# General > Recipes >  Wheat & Gluten Free Self Raising Flour Bread Recipe

## JSutherland-West

I have a bag of wheat & gluten free self-raising flour blend.
I am wanting to make a loaf of bread with it but can't really find any recipes' for making bread with self-raising flour.
Anyone got any good recipe's?
Thanks

----------


## chocolatechip

Hi, I just swap the normal flour for the gluten free flour but just make it like normal bread. But its alot heavier thats the only thing I found x

----------


## TudorRose

Hi,

I have recently had to make my own bread, pittas etc. wheat and gluten free for my son and as you have found you usually use wheat and gluten free strong bread flour, which can be obtained in the Co-op or Mackays grocers in Thurso.

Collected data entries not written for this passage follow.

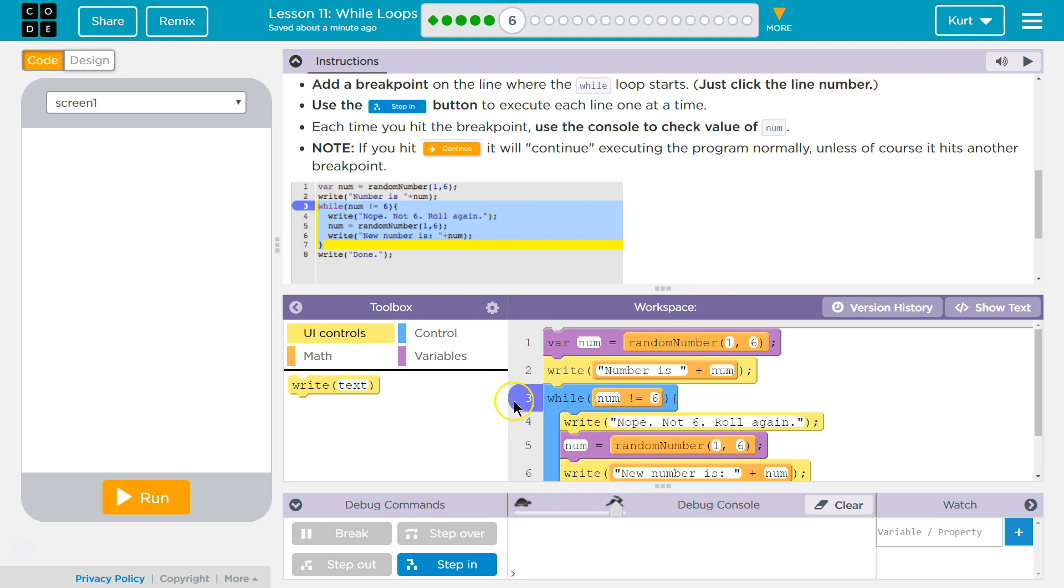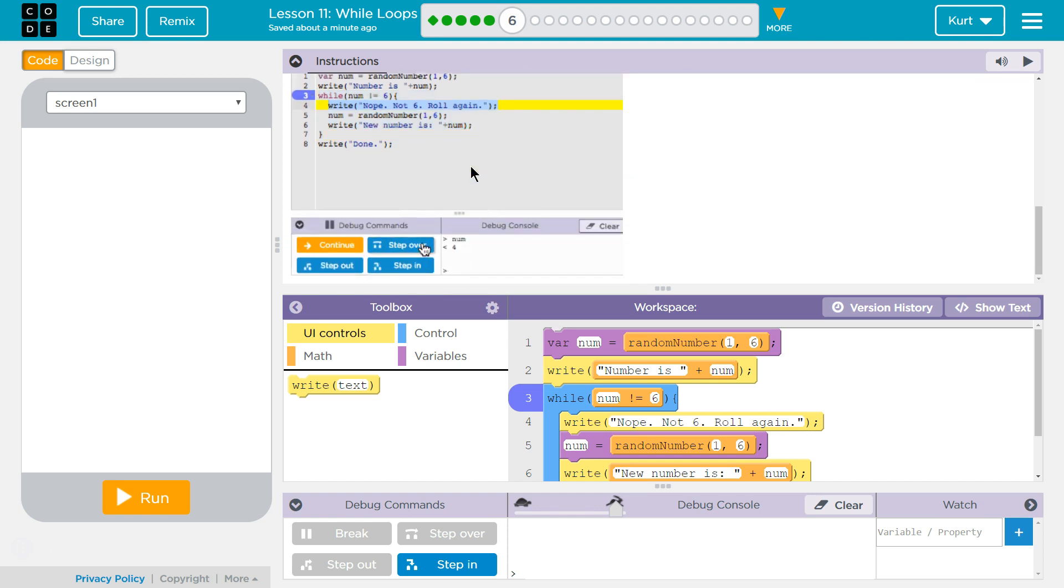Okay, so click the line number. Note: If you hit continue, it will continue executing the program as normal unless, of course, it hits another breakpoint.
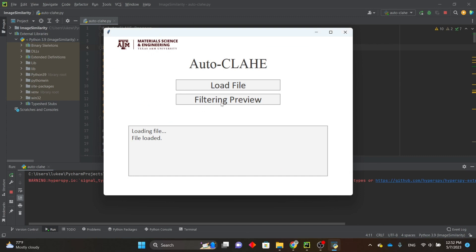Once you have the file loaded, you can click on filtering preview to bring up the preview window. It'll take a few seconds to generate a virtual brightfield image.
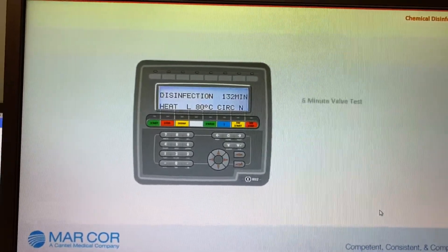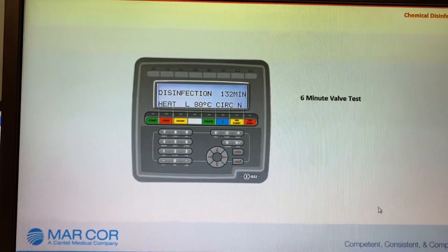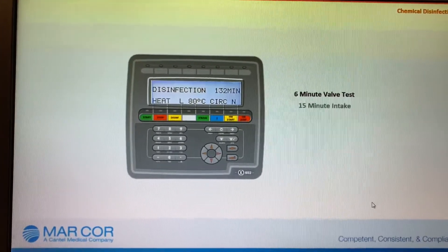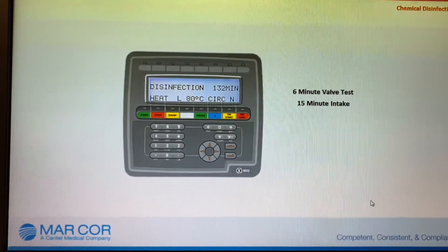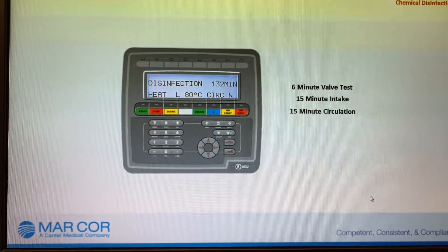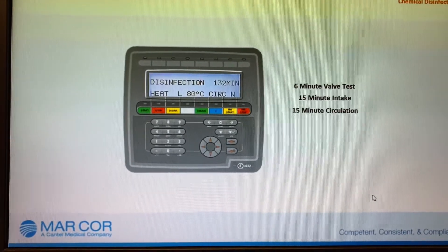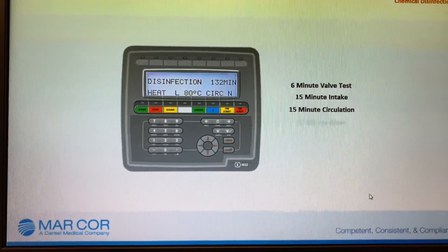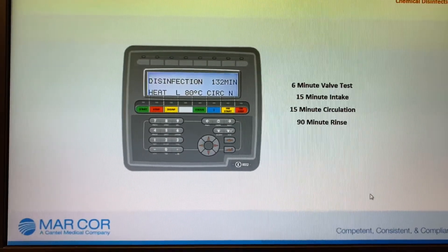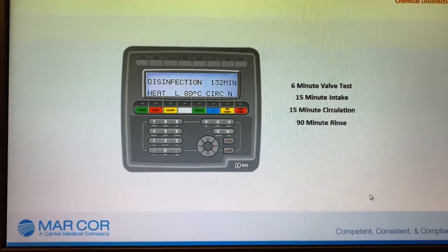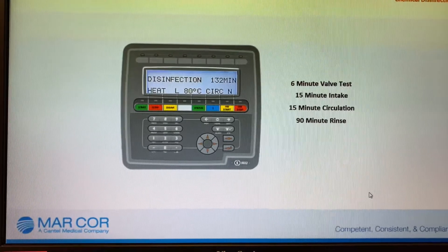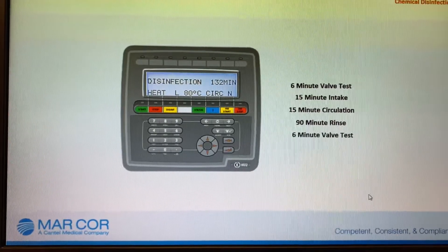The time for each phase of the disinfection process consists of a 6-minute valve test before chemical disinfection, a 15-minute disinfection intake, a 15-minute circulation of the chemical disinfectant, followed by a 90-minute rinse, and then concludes the total 132-minute disinfection process with a final 6-minute valve test.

I do have a new cookbook which uses a mixture of potato flour, gram flour, maize flour and rice flour to make a white loaf, this sounds very good, but I cannot use this myself as my son also has an intolerance to corn products.  If you are interested I can post you the recipe.

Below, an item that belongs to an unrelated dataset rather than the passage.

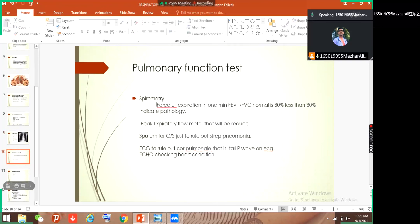In the pulmonary function test, first of all we do spirometry, in which we ask the patient to take a deep breath and then do a forceful expiration in one second. FEV1 and FVC — normal is 80%. If less than 80%, for example if the patient cannot blow fully in one second, it indicates pathology. Peak expiratory flow meter will also be reduced, commonly used in pulmonary assessment.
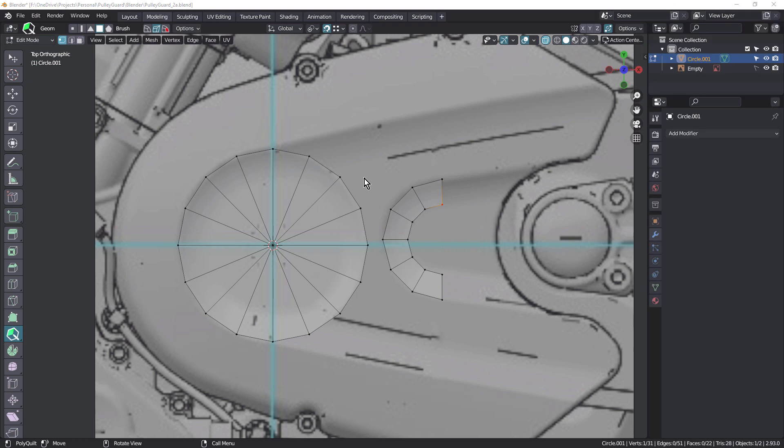Hi everyone, I just wanted to record this quick addendum to the most recent pulley guard tutorial. It's based on an excellent comment by Neil Marshall in the YouTube comments. So thanks for that comment, Neil. And it involves working efficiently.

As it stands my son is not keen on the gluten free, wheat free loaves I have made but he has enjoyed my homemade pitta breads.

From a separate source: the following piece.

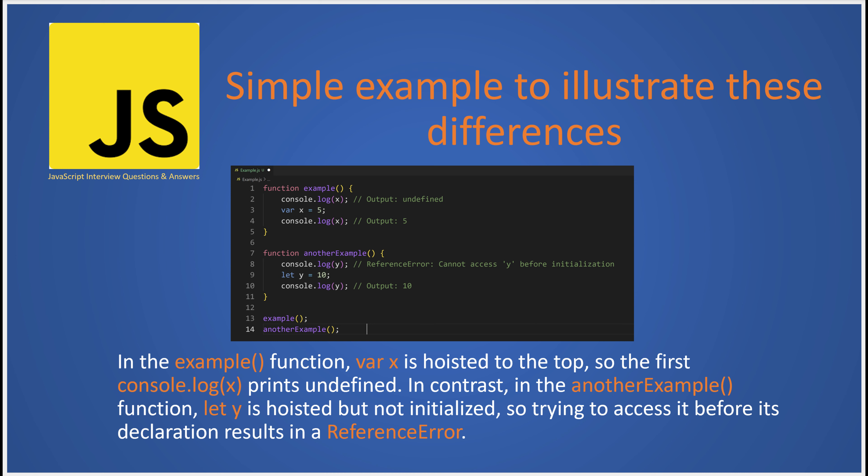In contrast, if you create a similar function with let y instead, trying to log y before it's declared will result in a reference error because let variables are hoisted but not initialized. Once y is declared and assigned a value, it will print 10.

It not easy dealing with intolerances, if you get a good bread recipe, could you pass it on please.

TudorRose  :Smile:

----------


## JSutherland-West

Thanks, I will have a look in Mackay's today. Still not sure yet if it is wheat or gluten that she has intolerance with, but since stopping eating normal bread she has been a lot better.

----------


## captain chaos

Probably not the correct place to post, but I struggled to find gluten free products locally.

I have a gluten intolerance and the Castletown butcher has been making me gluten free sausages and burgers, and he also has a list of the products he does which is are gluten free. I never even thought about normal sausages etc but they are all made with a rusk which contains gluten.
Just another alternative for kids as my son loves the gluten free burgers and he is not gluten intolerant.

Ask Derek or one of his staff in the shop and they are very helpful ( no I don't work there but appreciate the bother they went to to make gluten free products)

----------